Sorry (de Zoran Drvenkar)

JH (juin 2011)


En un coup d'oeil

    • Date de publication : 2009 (Sorry).
    • Date de l'édition française: 2011 (Sonatine, 448p)
    • Genre: suspense.
    • Mots-clés: vengeance, pardon, pédophilie.
    • Personnage(s) principal(aux): trop nombreux à énumérer (ou aucun!).
    • Résumé et critique: ici.

À mon avis

Avec les éditions Sonatine, on n'est certain que d'une chose: on ne se glissera pas dans de vieilles pantoufles! Les publications sont toujours des romans hors normes, originaux, d'auteurs souvent publiés pour la première fois en français. Sorry, de l'Allemand Zoran Drvenkar, est résolument campé dans ce créneau.

L'originalité de ce roman tient essentiellement à sa construction et à son style. C'est une entreprise de déconstruction systématique de tous les codes narratifs. Ainsi, l'auteur présente les chapitres racontés du point de vue du tueur à la 2e personne, comme s'il s'adressait directement à lui. De même, d'autres chapitres sont narrés à la première personne sans que l'on sache, sinon à la toute fin, quel personnage se cache derrière ce je. On passe du passé simple au présent, parfois même d'un paragraphe au suivant, sans qu'un saut dans le temps ne l'impose. Et, bien sûr, d'un chapitre à l'autre (et ils sont nombreux, car assez courts), on change de point de vue - heureusement que l'auteur a résisté à la tentation de l'embrouillamini total en identifiant systématiquement le personnage sur lequel il focalise pour ce chapitre. Ajoutez flashbacks et flashforwards et vous comprendrez qu'on sort de cette lecture avec le vertige!

J'imagine que la plupart des romanciers pensent d'abord leur intrigue de façon linéaire, puis la compliquent au moment de la rédaction par des fausses pistes, des intrigues secondaires, des demi-mots et des astuces dans l'ordre de présentation des éléments.
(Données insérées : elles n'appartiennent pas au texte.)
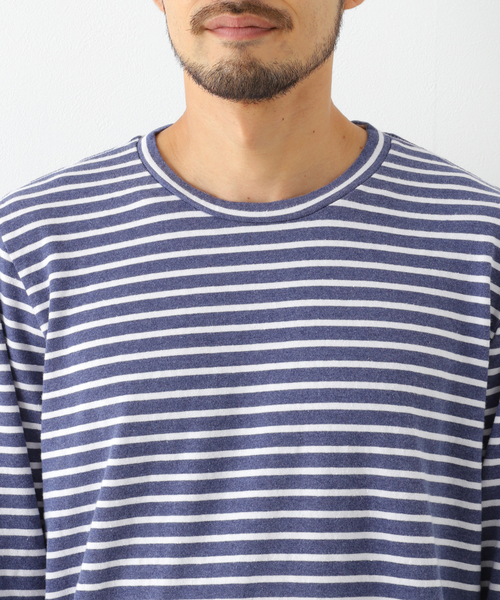SAVE KHAKI UNITED(セーブカーキユナイテッド)の「SAVE KHAKI UNITED L/S ORGANIC COTTON HEMP STRIPE CREW(Tシャツ/カットソー・メンズ・ネイビー・LARGE/X-LARGE/MEDIUM)」の7枚目の写真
Ici, Drvenkar pousse un cran plus loin: il complique l'intrigue par sa façon même de nous la raconter. Une bonne partie de l'énergie de lecture consiste à se demander de qui on parle ou encore qui parle avant même de se demander ce qui se passe.

Une fois dépouillée de ces artifices de présentation, l'intrigue est assez classique, même si parfois tirée par les cheveux, bien servie par des personnages solidement campés et, pour la plupart, attachants. L'amitié entre quatre de ces personnages, qui est au coeur du roman, est présentée avec sensibilité qui la rend touchante. La réflexion sur les thèmes jumeaux de la vengeance et du pardon est juste et s'éloigne du moralisme éculé que l'on retrouve trop souvent dans le polar.

Ne vous attendez pas à une lecture reposante. Un parti pris romanesque aussi tranché est même souvent irritant. On aime ou on n'aime pas. Mais on ne restera certainement pas indifférent à l'originalité profonde de ce roman, voire à sa narration révolutionnaire.